The process of 'scheme' creation involves a fairly time consuming process of mucking about with ResEdit and a special set of templates that allow for the editing of the special definition resources the extension uses. These settings define certain relevant areas of multiple image resources, usually abnormal cicns created most frequently by use of a hex hack to the ResEdit code to allow it to manipulate nonstandard cicn sizes. These defined areas are then patched according to and along with the other settings to running MacOS.

Amazingly enough this caused relatively few crashes, normally only taking down the system once every 150 patchings or so, an issue only to the very indecisive, or those already masochistic enough to go through the process of 'scheme' creation.

The patched drawing protocols usually had no noticeable effect on performance, unless they were excessively heavy, complex, or just plain badly made, in which case they could prove very slow (and since inefficient ones were normally fairly bulky were really not practical to work with on a daily basis any way).

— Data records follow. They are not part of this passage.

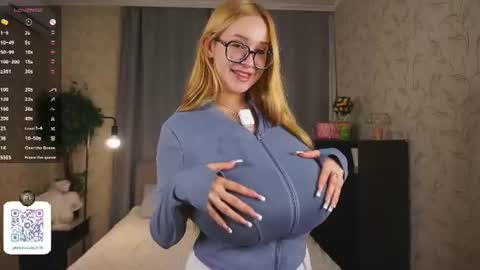 Milina online show from 07/05/26, 05:53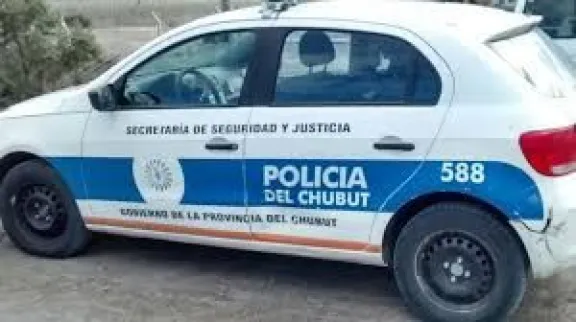 Motociclista lesionado en violento choque en el centro de Trelew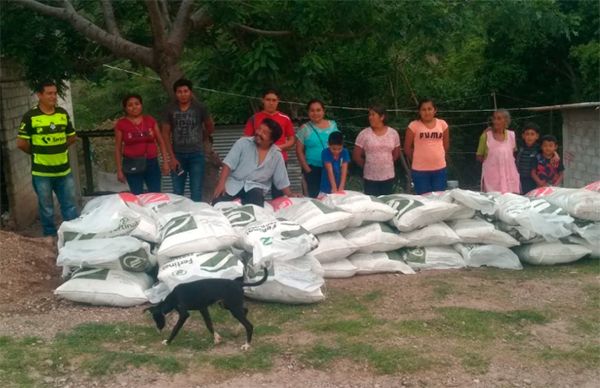 Campesinos de Chilapa continúan recibiendo fertilizante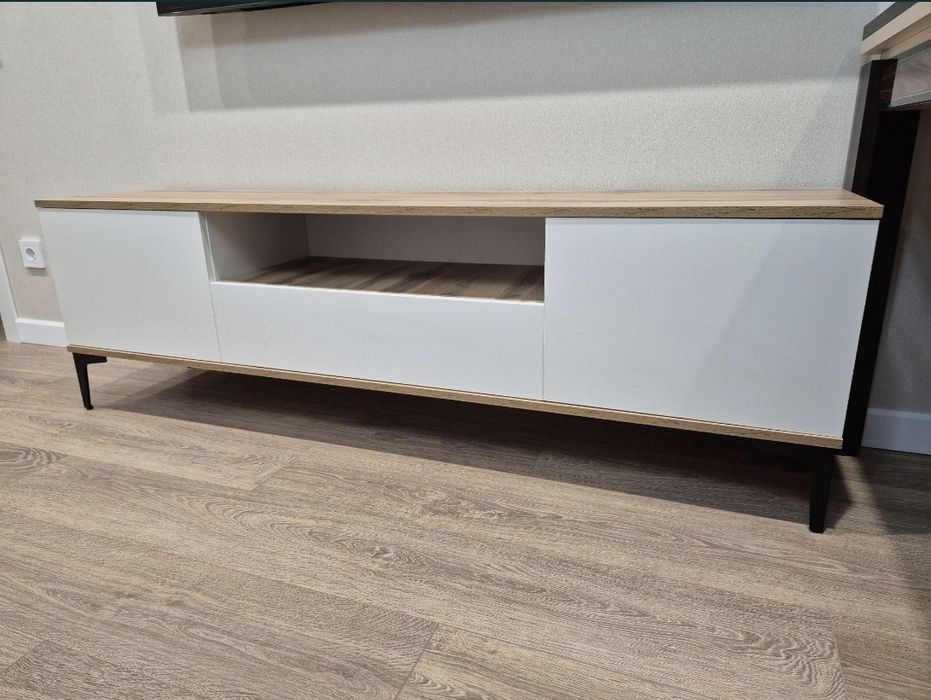 Продам ТВ тумба напольная 160х50х35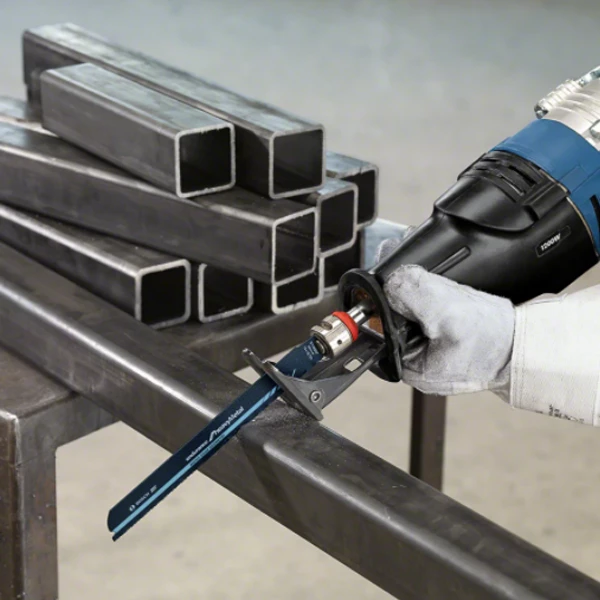 Lame De Scie Sauteuse Pour L'inox Ou L'aluminium Lame Scie Sabre Métal Bosch S930CF Endurance Metal 150x22x1,6mm Lotx5 5 Lame De Scie Sauteuse Pour L'inox Ou L'aluminium Lame Scie Sabre Métal Bosch S930CF Endurance Metal 150x22x1,6mm Lotx5 – Image 3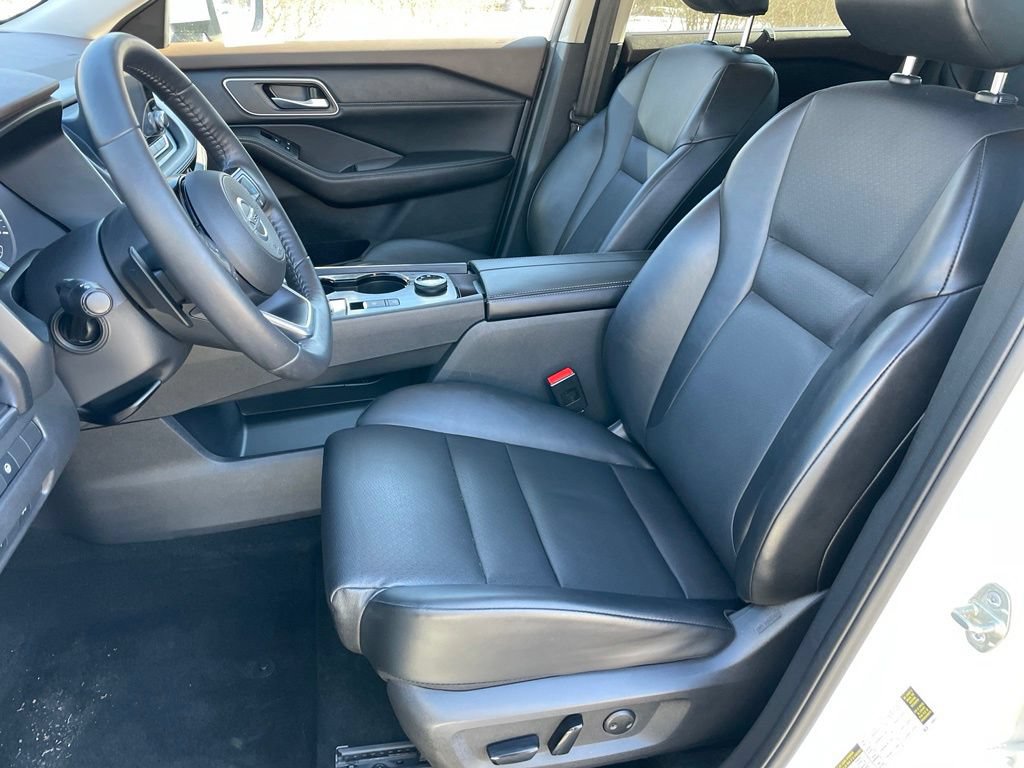 Certified 2023 Nissan Rogue SV w/ SV Premium B Package AWD/4WD image 8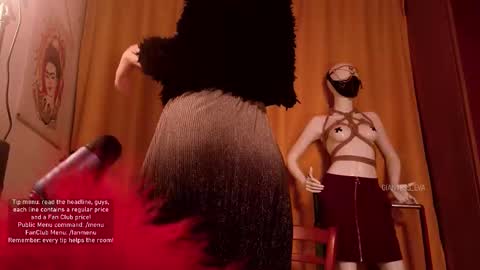 Snapshot of giantess_eva chatting on 10.19.25 Eva online show from 10.19.25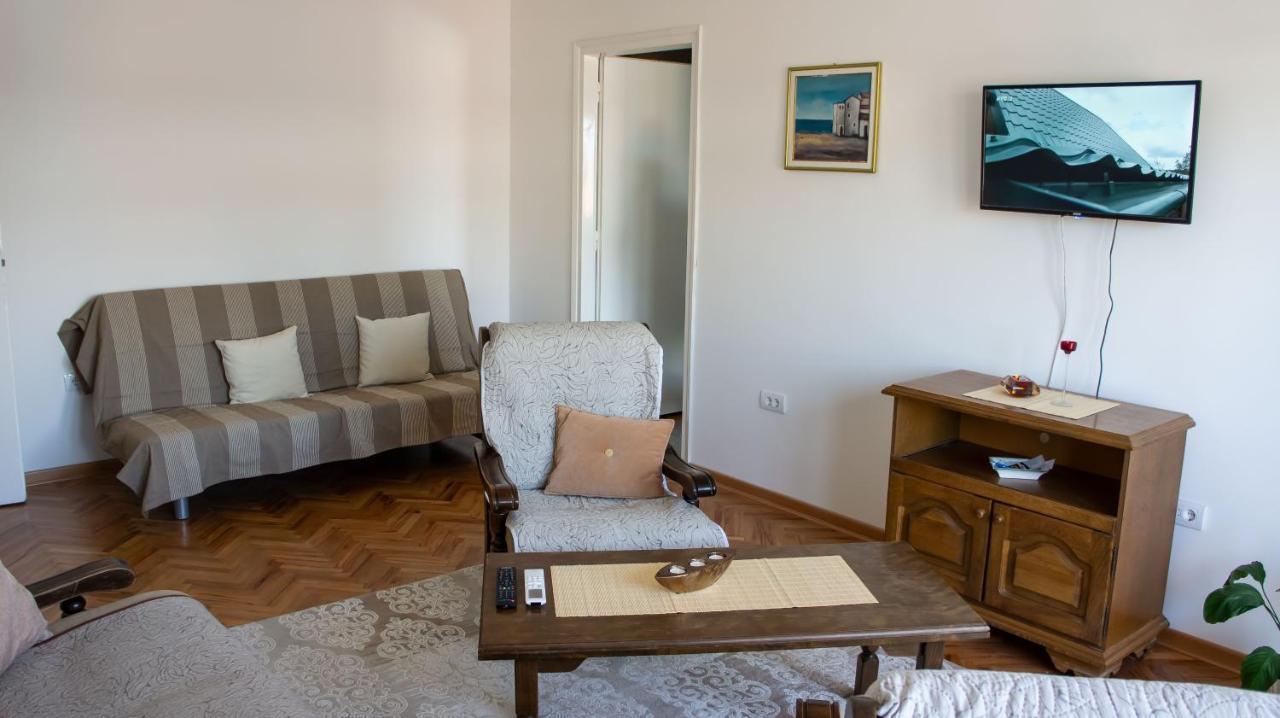 Dvosoban Stan U Strogom Centru Apartment Kruševac Exterior foto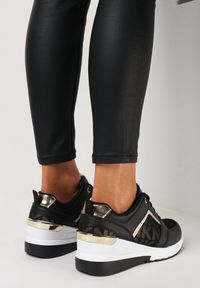 Born2be - Czarne Sneakersy Kasaris. Nosek buta: okrągły. Zapięcie: sznurówki. Kolor: czarny. Sezon: jesień. Obcas: na koturnie. Wysokość obcasa: średni #5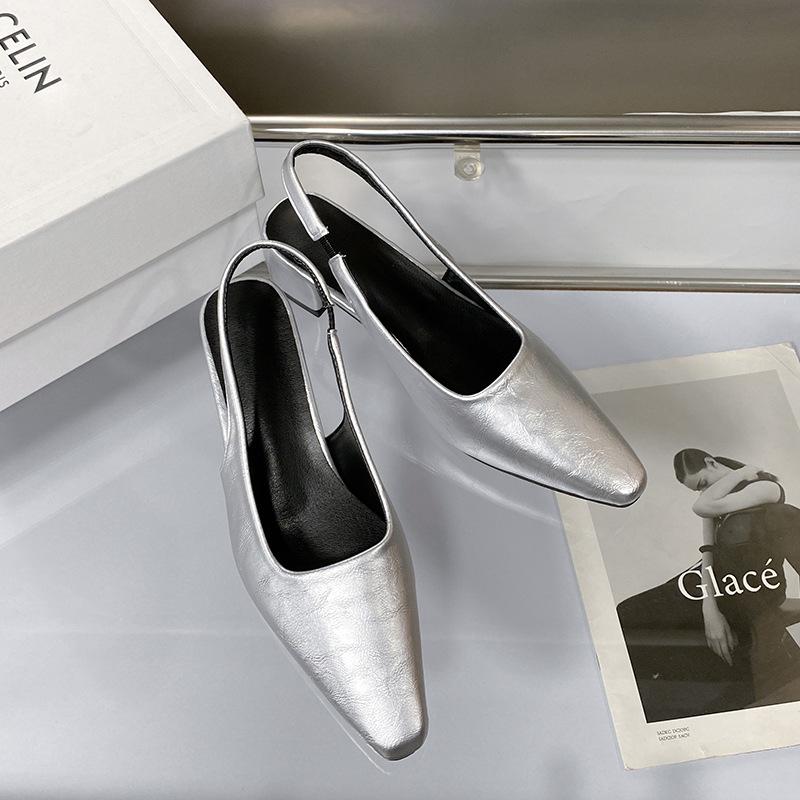 

Простые сандалии на низком толстом каблуке, темпераментные, с закрытым носком, лето 2025, одинарная обувь, квадратный носок, модные полушлепанцы, крутые шлепанцы, женская одинарная обувь 42 серебряный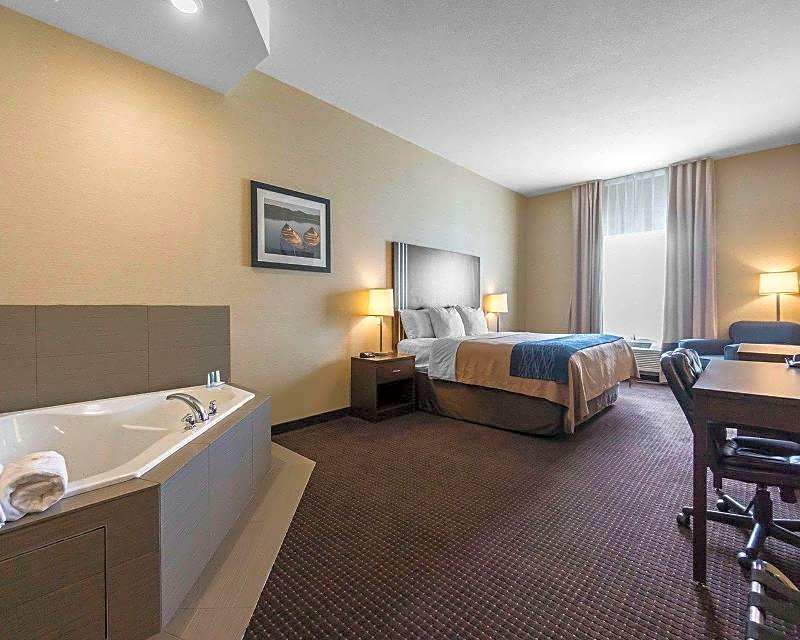 Comfort Inn and Suites Fox Creek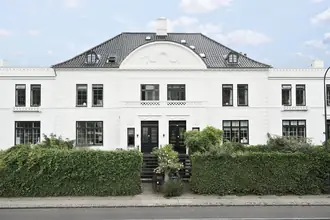 Rækkehus på Dyrehavevej 27, 2930 Klampenborg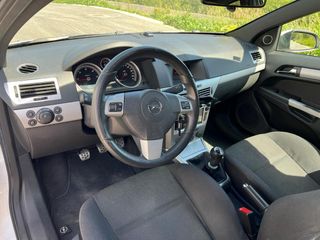 Opel Astra 2006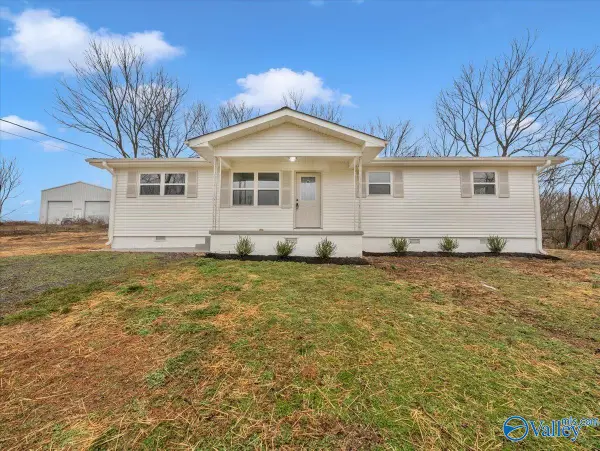 76 8th Street, Sylvania, AL 35988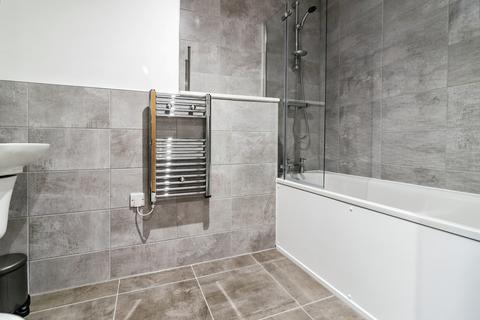 2 bedroom apartment to rent, Furness Quay, Greater Manchester M50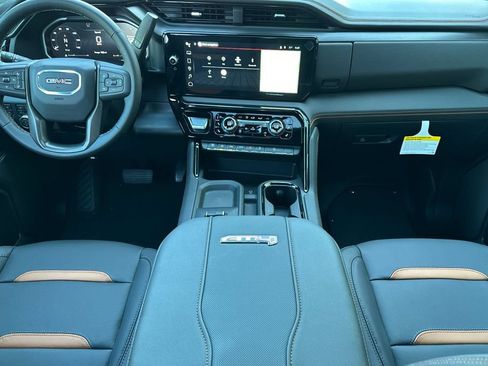 New 2026 GMC Sierra 2500 AT4 w/ AT4 Premium Plus Package AWD/4WD image 13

Given the completely different system post MacOS X uses for drawing the GUI, Kaleidoscope is completely unportable. Also Apple's present attitude makes it seam very unlikely that any similar product will exist for MacOS X at any time in the near future. One such project was started and the creators of the tool were heavily threatened with legal action over reverse engineering proprietary Apple technologies. An action which has been laughed at, scorned, and supported by those who have had one to many doses of the Jobs Reality Distortion Field.